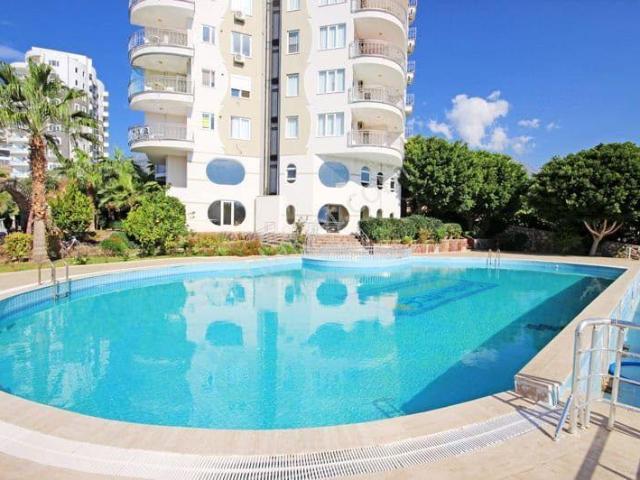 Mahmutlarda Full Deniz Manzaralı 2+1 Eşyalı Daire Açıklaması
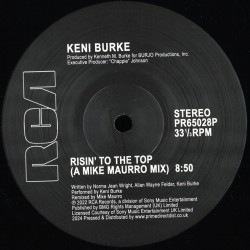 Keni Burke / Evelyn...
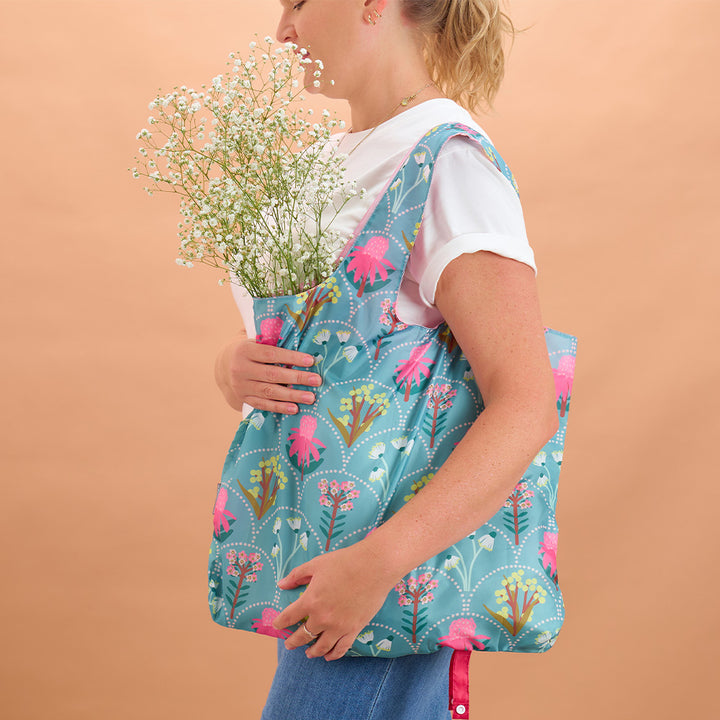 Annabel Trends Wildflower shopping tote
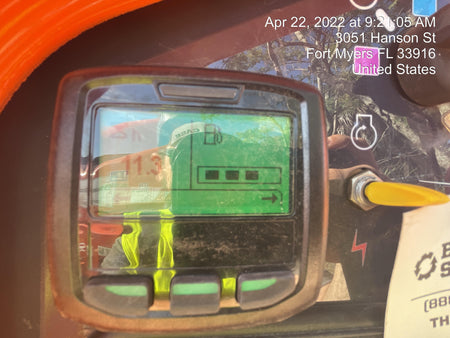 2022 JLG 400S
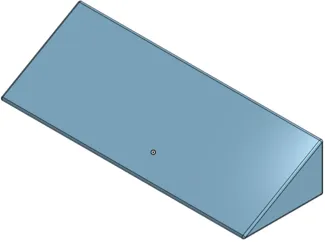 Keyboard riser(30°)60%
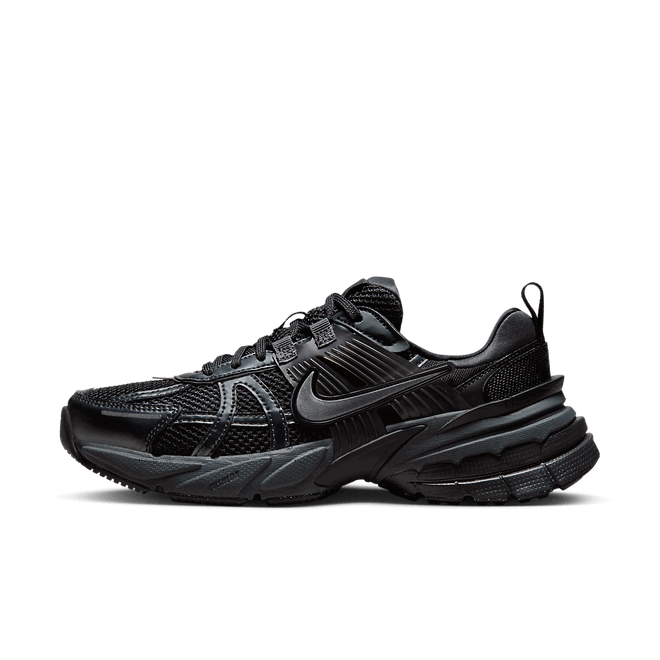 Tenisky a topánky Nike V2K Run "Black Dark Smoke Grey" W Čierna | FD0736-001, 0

--------------------------------------------------

▶ _EXERCISE INSTRUCTIONS_
Repeat, exactly and with no pictures, each line from the line that holds "Keni Burke / Evelyn..." through the last line of the records above.

▶ _TASK RESPONSE_
 Keni Burke / Evelyn...
 Annabel Trends Wildflower shopping tote
 2022 JLG 400S
 Keyboard riser(30°)60%
 Tenisky a topánky Nike V2K Run "Black Dark Smoke Grey" W Čierna | FD0736-001, 0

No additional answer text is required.